Reading At Risk?

January 14, 2005

The National Endowment for the Arts published "Reading at Risk: A Survey of Literary Reading in America" last summer. The report claims that reading as a leisure activity is in decline but also that the speed of the decline has increased in the last decade, especially among young adults. If such trends continue, they will transform the American republic. The health of democratic institutions arguably depends upon having a public that reads for pleasure. 

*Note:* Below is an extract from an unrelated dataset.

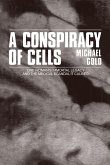 A Conspiracy of Cells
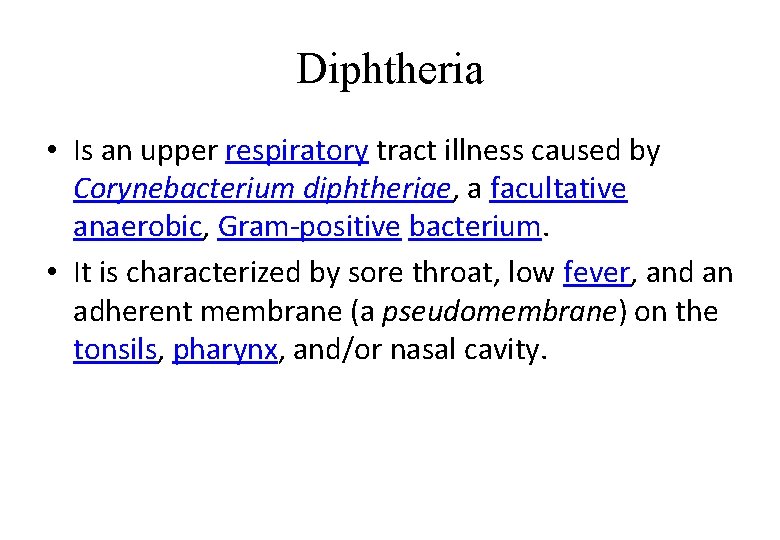 Diphtheria • Is an upper respiratory tract illness caused by Corynebacterium diphtheriae, a facultative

Basic literacy must be joined with the skill to understand the implicit aspects of texts; otherwise, the ability to read can leave a person merely the victim of other people's words. Those who read only when required by circumstances of school or work seldom develop such skill because they do not inhabit a culture in which reading is a normal leisure activity. The mere capacity to read is not enough to sustain an open civil society. That goal requires a sufficiently large public that is capable of discerning the undercurrents of the language that shapes and guides nations. Only a public that enjoys reading can sustain the reading practices that make possible the development of such skills. 

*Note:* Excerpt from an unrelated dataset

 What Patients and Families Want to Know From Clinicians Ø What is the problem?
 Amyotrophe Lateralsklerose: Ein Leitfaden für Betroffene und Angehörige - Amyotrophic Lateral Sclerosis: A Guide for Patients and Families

The NEA report is based on Census Bureau data collected in 1982, 1992 and 2002. Despite the absence of data for intervening years, the survey findings offer some suggestive comparisons. All types of imaginative writing were included as part of the working definition of "literary reading." People were asked whether, during the last 12 months, they had "read any novels or short stories, plays or poetry" that were not part of required reading for employment or school. The survey, in effect, identifies "literary readers" as those who read imaginative literature for pleasure. 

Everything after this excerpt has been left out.